(Scraped caption text data)

+---+

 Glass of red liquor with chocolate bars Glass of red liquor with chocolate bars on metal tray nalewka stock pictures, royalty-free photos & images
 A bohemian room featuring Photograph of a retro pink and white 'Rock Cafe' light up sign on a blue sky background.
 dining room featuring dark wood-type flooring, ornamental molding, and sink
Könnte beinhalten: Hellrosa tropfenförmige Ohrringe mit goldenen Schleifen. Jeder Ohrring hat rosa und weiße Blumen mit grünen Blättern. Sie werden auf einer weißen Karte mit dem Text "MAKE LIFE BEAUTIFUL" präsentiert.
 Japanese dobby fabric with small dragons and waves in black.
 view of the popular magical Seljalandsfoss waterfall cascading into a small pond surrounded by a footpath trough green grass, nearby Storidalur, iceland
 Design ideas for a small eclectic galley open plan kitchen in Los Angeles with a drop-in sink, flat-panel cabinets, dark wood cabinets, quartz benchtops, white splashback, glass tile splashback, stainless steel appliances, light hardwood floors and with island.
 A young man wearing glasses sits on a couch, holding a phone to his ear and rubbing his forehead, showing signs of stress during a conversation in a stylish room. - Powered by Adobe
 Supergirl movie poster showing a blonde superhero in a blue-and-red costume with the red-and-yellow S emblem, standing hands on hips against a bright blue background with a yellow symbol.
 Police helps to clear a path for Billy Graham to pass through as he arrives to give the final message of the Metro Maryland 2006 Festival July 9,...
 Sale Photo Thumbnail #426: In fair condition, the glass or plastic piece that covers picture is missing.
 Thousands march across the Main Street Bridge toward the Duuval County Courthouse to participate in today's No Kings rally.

+---+

#### Try it
From the records above, copy out the line with "Police helps to", the line with "Sale Photo Thumbnail", and every line between them, word for word.

#### Final answer
 Police helps to clear a path for Billy Graham to pass through as he arrives to give the final message of the Metro Maryland 2006 Festival July 9,...
 Sale Photo Thumbnail #426: In fair condition, the glass or plastic piece that covers picture is missing.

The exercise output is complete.